Сара Мэй выбрала столик, и Брайс выдвинул для нее стул, затем сел напротив нее. Оги направился прямиком в бар, чтобы заказать им выпить.
– Так это местная "забегаловка", - сказал Брайс, почувствовав атмосферу.
Пара местных парней играли в углу в бильярд. Один ударил кием, и шары защелкали и глухо застучали об обитые фетром бортики.
Брайс одобрительно кивнул.
– Приятная перемена, скажу я тебе.
Один из бильярдистов загоготал.
– Тебе фол, тупица!
– Мне нравится этот бар, - сказала Сара Мэй.
– И всяких уродов здесь не бывает.
Брайс решил, что это она сейчас о клиентуре, которую ей еженощно приходится видеть на работе.
– Наверное, в "Сэлли" иногда надоедает?
– Конечно, надоедает, иногда, - согласилась она.
– Кому понравится, если ему каждый день будут предлагать деньги за то, чтобы присунуть в его "выхлопную трубу".
– Нет, я... я даже представить себе такое не могу, - сказал Брайс.
– Здесь можно услышать свои мысли. Она шмыгнула носом и сложила руки на столе.
Брайс положил вою руку на ее.
– Как ты, держишься?
– О, я в порядке, - сказала она.
– Просто потребуется какое-то время, чтобы все осознать. Понять, как кто-то смог сделать это с такой невинной девушкой, как она.
– Конечно, - сказал Брайс, похлопав ее по руке.
– У меня в голове не укладывается. Кто мог совершить такую гнусность?
Тут как по команде появился Оги и поставил посреди стола три стакана. Он обратился к ним с фальшивым французским акцентом.
– Мадемуазель, месье? Ваш аперитив.
Затем сел на стул рядом с братом.
Брайс не знал, в какое русло теперь направить беседу, но был тут же избавлен от этой дилеммы, поскольку рядом с ними внезапно возник Имон. Каким-то образом он не заметил мэра, когда они заходили.
Имон со скорбью посмотрел на Сару Мэй.
Неужели он уже знает? Черт, новости прямо разлетаются по этому городу.
– О, дядя Имон, - сказала Сара Мэй. Она отодвинула свой стул, встала и обняла его.
– Все это так ужасно. Просто не знаю, что с этим делать.
Брайс заметил, что Оги смотрит на него. Он беззвучно произнес ртом: "Дядя?" Затем: "Блин!"
– Знаю, дорогая.
– Дядя Имон тоскливо вздохнул. – Но это правда, что пути Господни неисповедимы. Поэтому даже когда невинный человек умирает страшной смертью, это не очень плохо, поскольку все мы будем жить вечно в Царствии Божьем.

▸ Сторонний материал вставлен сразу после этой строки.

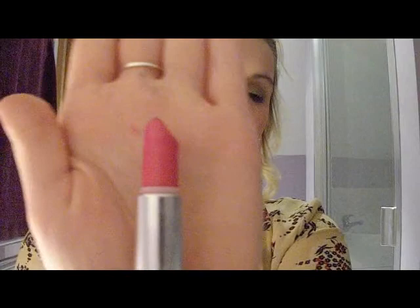The next one is an MUA lipstick in shade 3. This is the most amazing bright bubblegum pink colour that I've ever really come across, and it's only a pound which is amazing. The only downfall is I don't really wear it as much as I would like to, but I'm going to always try and make more use out of it because it is a beautiful colour.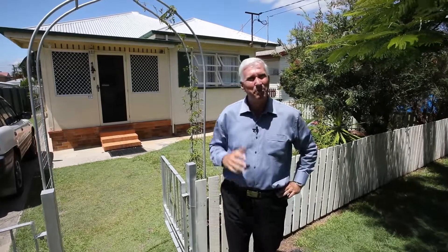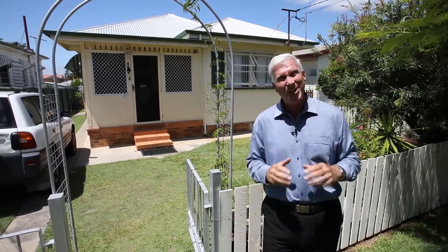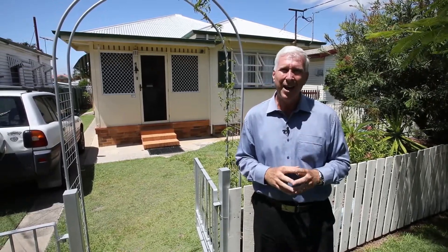Today we're at 29 Hardiman Street in beautiful Bayside, Woodie Point. This is the first time this home's been for sale since the current owners bought it way back in 1982 — that's 36 years. Why did they keep it for such a long time, and why are they letting it go now?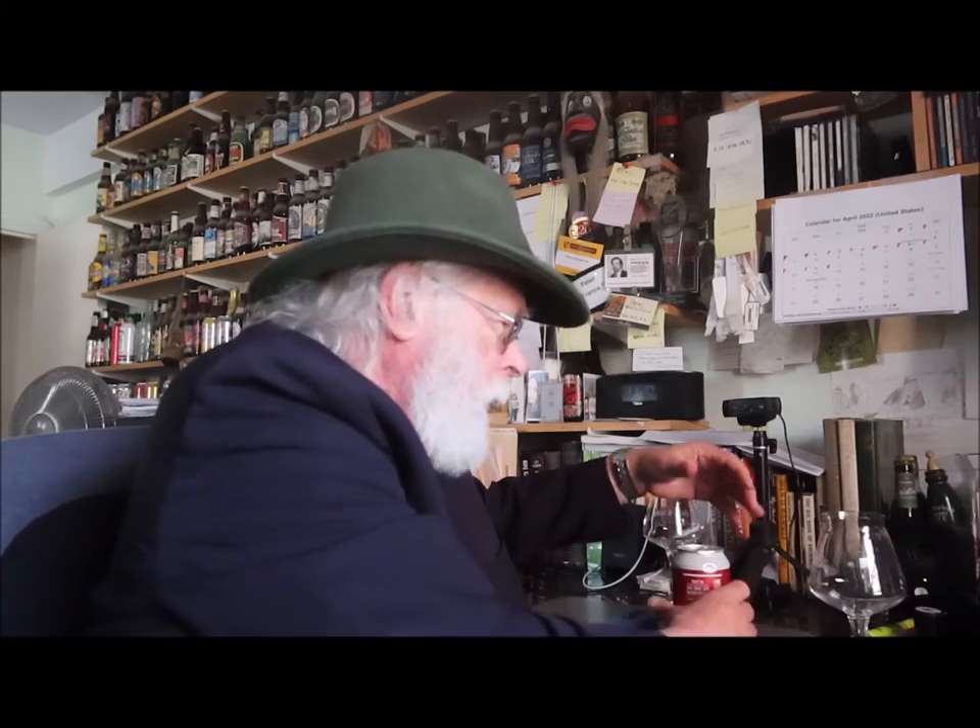We do things a little bit differently here at the Old Growler. Most people when they taste — they see, they sniff, and they sip. Well here we see, we sip, and then sniff. Master Sommelier Fred Dex will explain it all to you.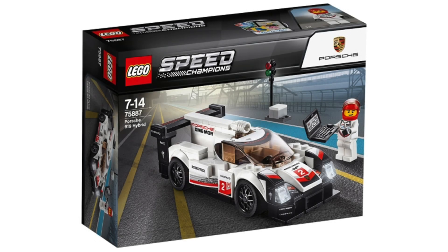Now there's the Porsche 919 Hybrid, set number 75887. I don't like this too much because the spoiler needs to be put out the back a little bit more, and I feel like it needs to be longer as well.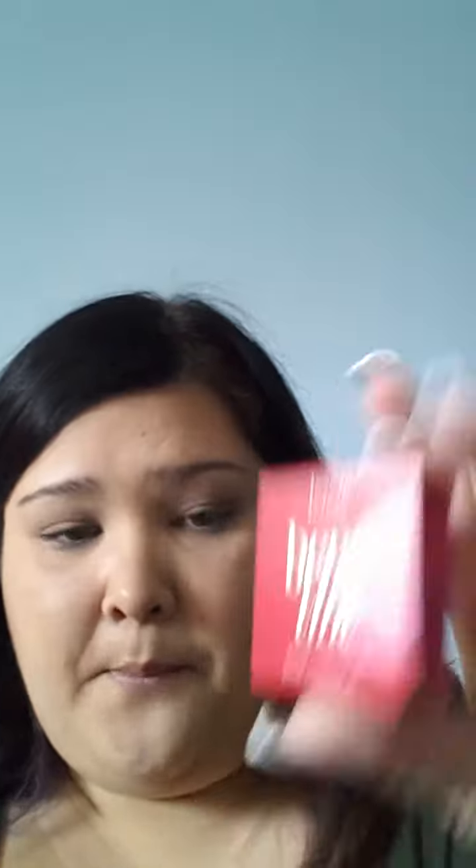Then I got the Benefit Benetint. I have never tried this, so if you guys have tried it please let me know. It's like a deep maroonish red — really pretty color. It gives instructions in the booklet on how to use it, but again I've never used it so I really don't know.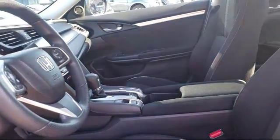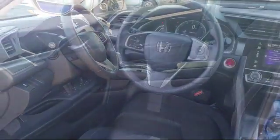Only the best trade-ins and purchased vehicles make it through our meticulous inspection and reconditioning process.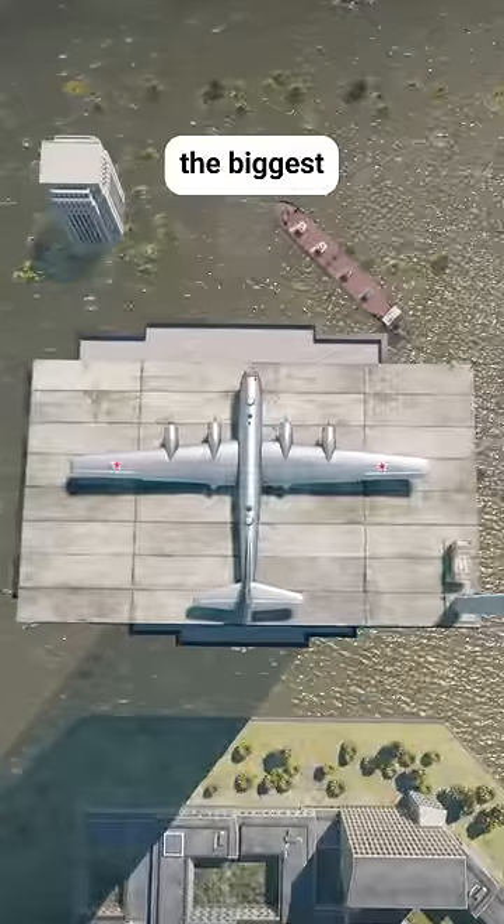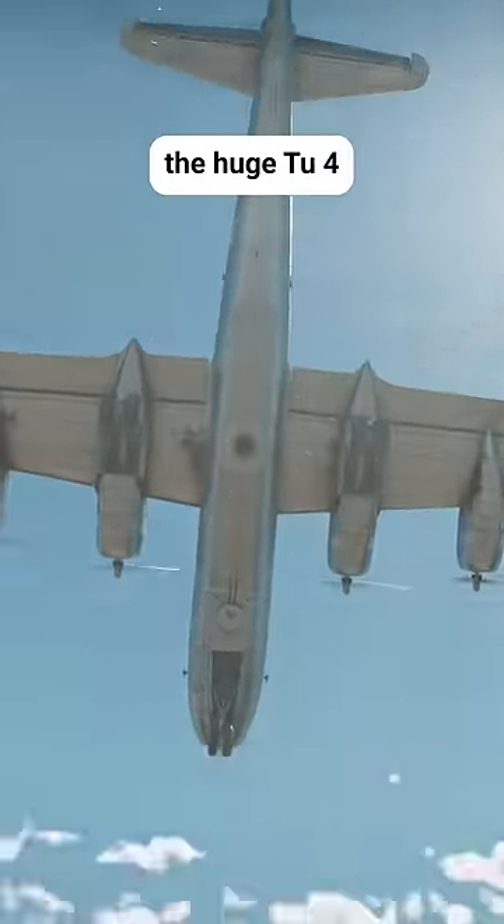Lastly, the biggest plane that I could kind of fit up here. Here's the huge Tu-4.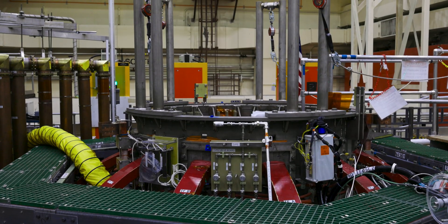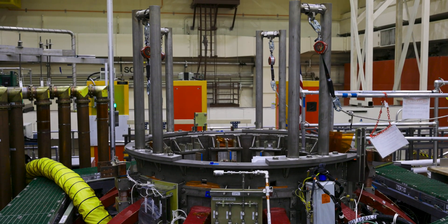Through NSTX-U, we are extending the physics and engineering basis in order to make spherical tokamaks a viable path for future fusion power plants.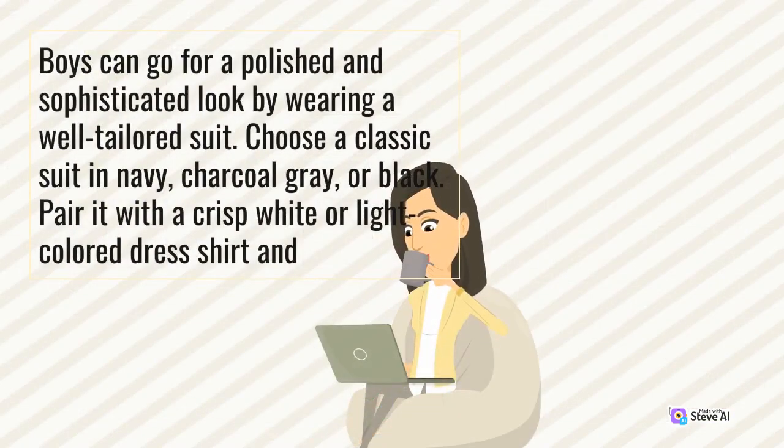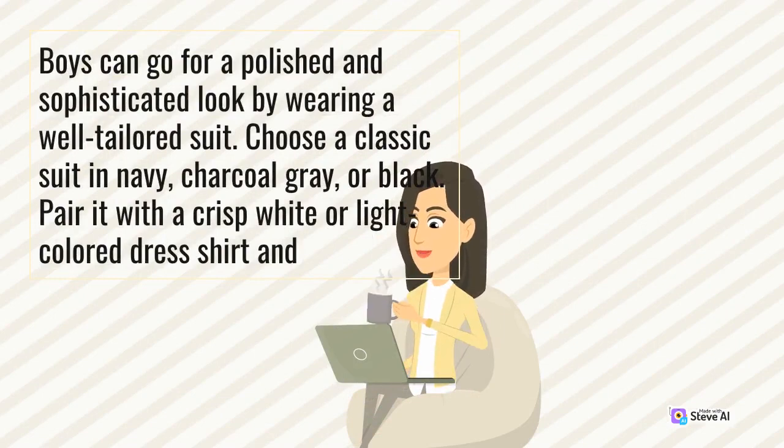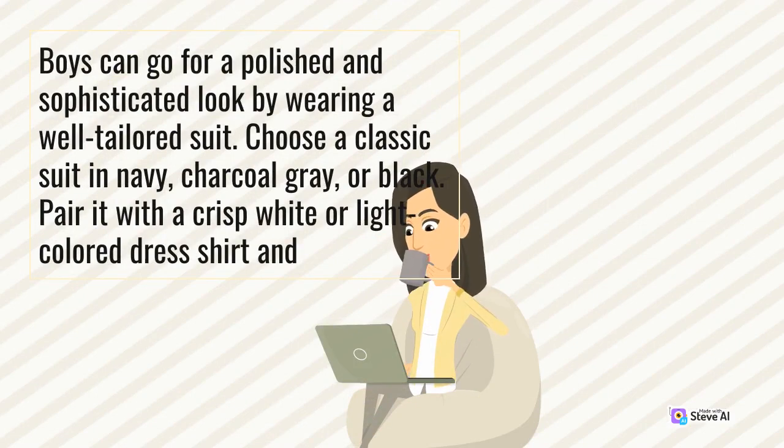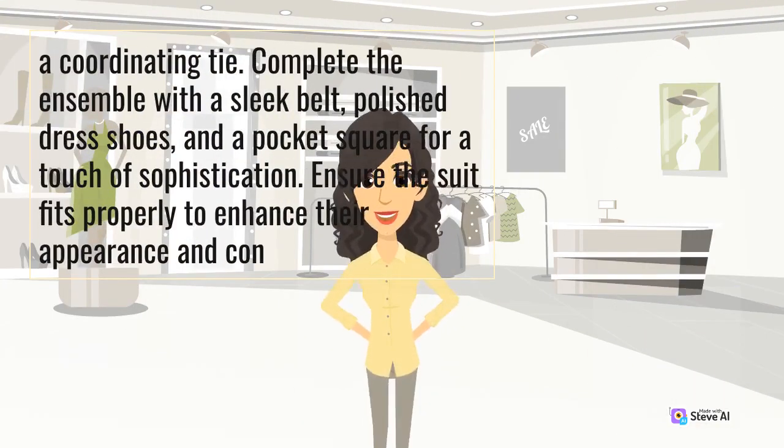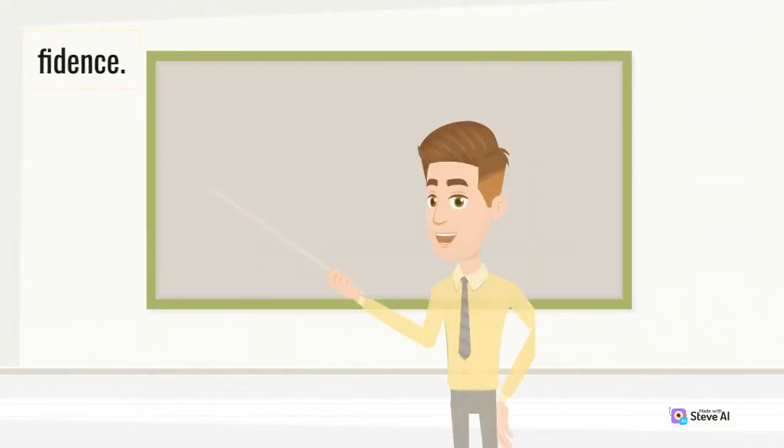Boys can go for a polished and sophisticated look by wearing a well-tailored suit. Choose a classic suit in navy, charcoal gray, or black. Pair it with a crisp white or light-colored dress shirt and a coordinating tie. Complete the ensemble with a sleek belt, polished dress shoes, and a pocket square for a touch of sophistication. Ensure the suit fits properly to enhance their appearance and confidence.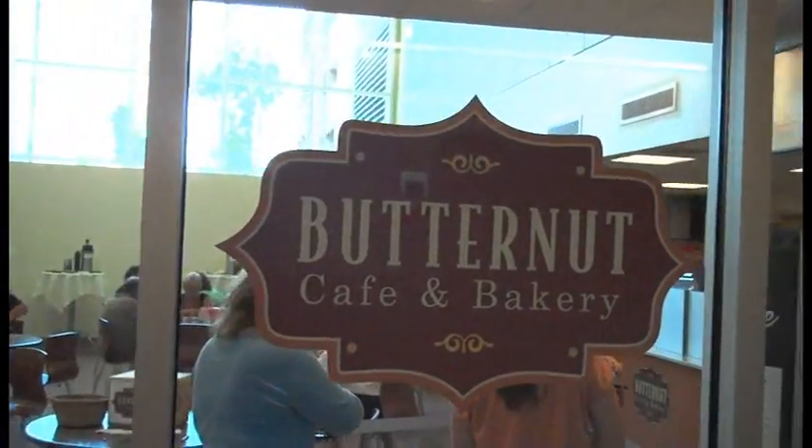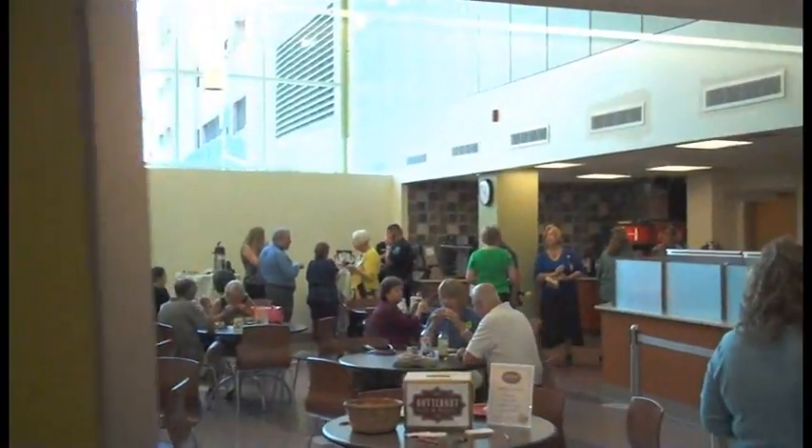I'm here with Jamie Nicolosi, Director of Nutritional Services at St. Joseph's Hospital. He's going to tell us a little bit about the event today and the overall idea behind the Butternut Cafe and Bakery. We opened up the Butternut Cafe and Bakery today for our grand opening, and we wanted this area to be kind of a special haven for people to come to. The hospital's a very stressful environment.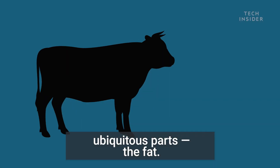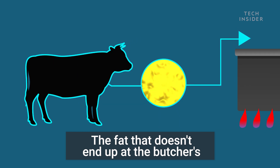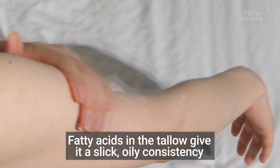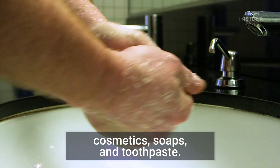Let's start with one of the most ubiquitous parts: the fat. The fat that doesn't end up at the butchers is rendered into a product called tallow. Fatty acids in the tallow give it a slick, oily consistency, which adds to the texture in some body creams, cosmetics, soaps, and toothpaste.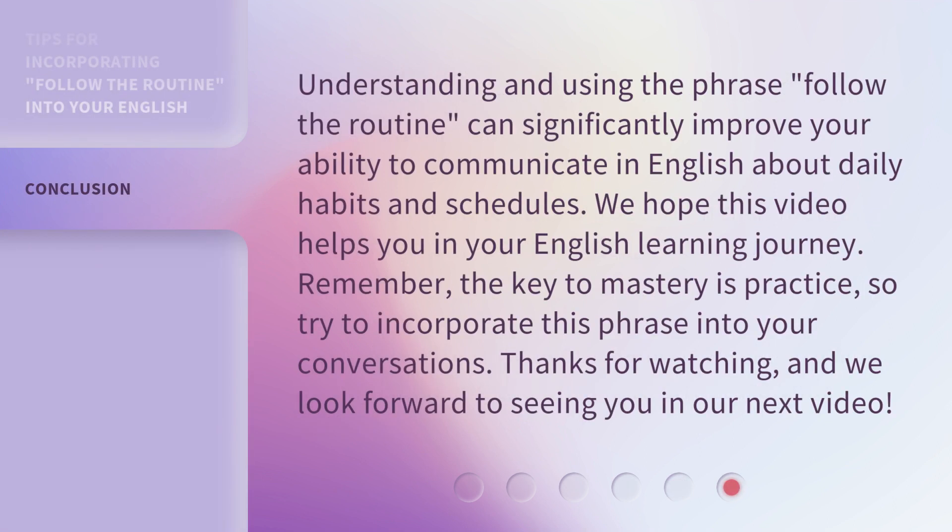Understanding and using the phrase 'follow the routine' can significantly improve your ability to communicate in English about daily habits and schedules. We hope this video helps you in your English learning journey. Remember, the key to mastery is practice, so try to incorporate this phrase into your conversations. Thanks for watching, and we look forward to seeing you in our next video.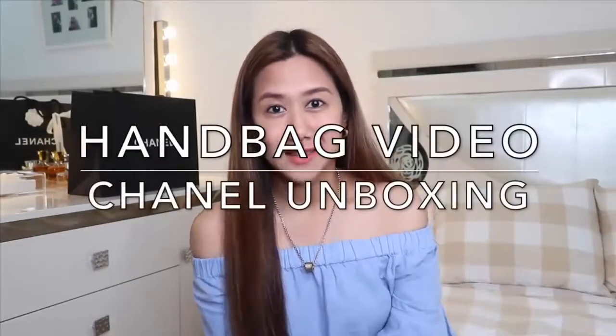Hi everyone! If you're all doing well, as you have me read in the title of this video, this will be a Chanel unboxing.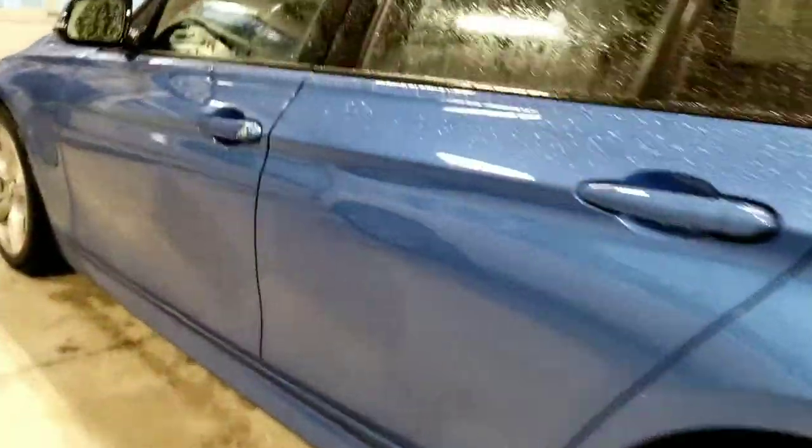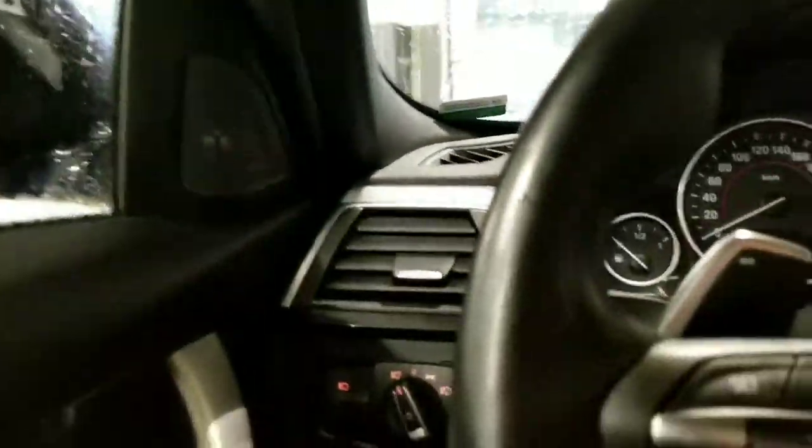The driver's side appears to be in excellent condition as well. The blind spot indicator on the BMW is located right there on the side mirror. It's also got the Harman Kardon sound system.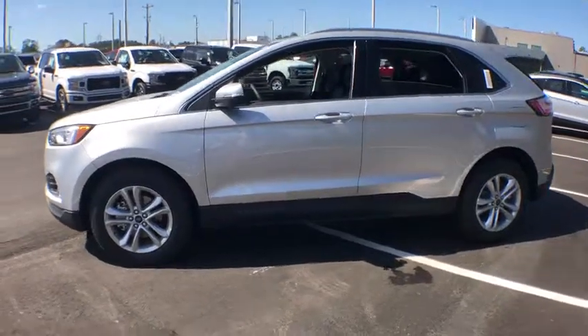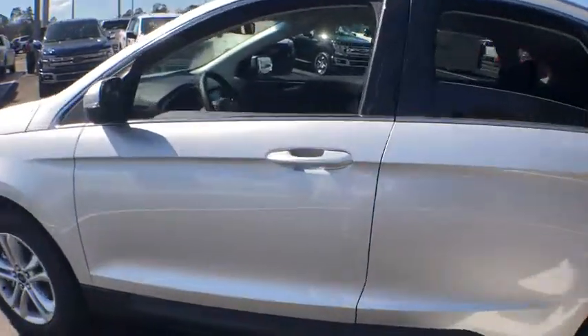This vehicle has less than 100 miles. Here are some of this vehicle's great options.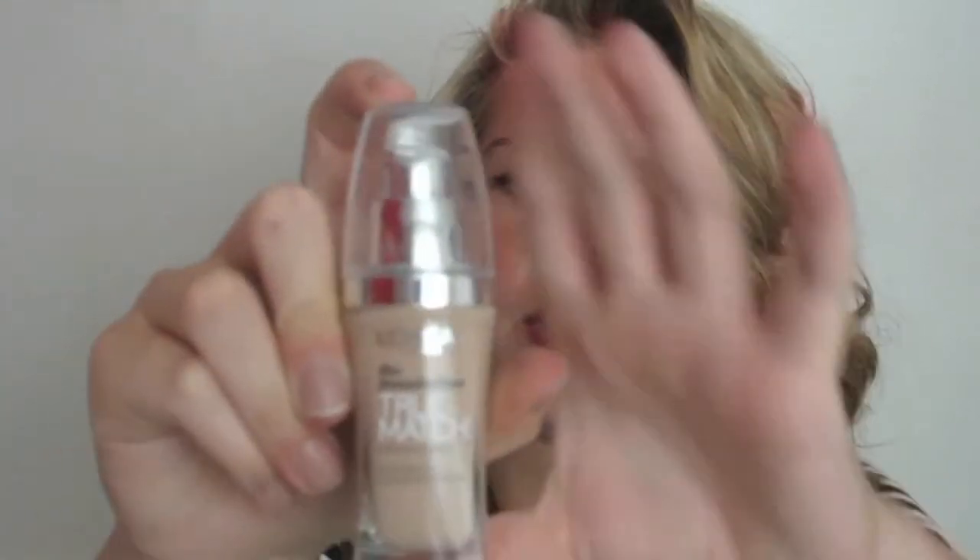On the boat home they have duty-free, so I bought some foundation. This is the L'Oreal True Match Super Blendable foundation.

Сара Мэй снова начала всхлипывать. Руки, сжимавшие внутренности Брайса, поднялись выше и обхватили сердце. Последнюю пару недель он страдал из-за Марси, а у кого-то здесь настоящая трагедия.
– О, божечки, дядя Имон, - сказала она, - я очень надеюсь, что ты прав.
Имон выпустил ее из объятий, погладил ее по плечам, затем взял за руку.
– Конечно, прав, именно поэтому, когда люди умирают, мы не предаемся грусти и печали. Бабба сейчас в гораздо лучшем месте, поэтому мы должны почитать ее, восхваляя замечательные жизни, которые Бог даровал нам.
Сара Мэй печально кивнула и вытерла глаза.
Мэр, казалось, наконец, заметил сидящих за столом Брайса и Оги.
– Привет, парни. Полагаю, вы уже слышали, какая у нас сегодня стряслась трагедия.
Оги кивнул.
– Да, сэр, слышали.
– Нам очень жаль, - сказал Брайс.
– Такой кошмар.
– Я ценю ваше сочувствие, парни, но, как я уже сказал, нет никакой причины скорбеть. Бабба не хотела бы этого.
Брайс предположил, что он имеет в виду теоретическую Баббу, обладающую бОльшими умственными способностями.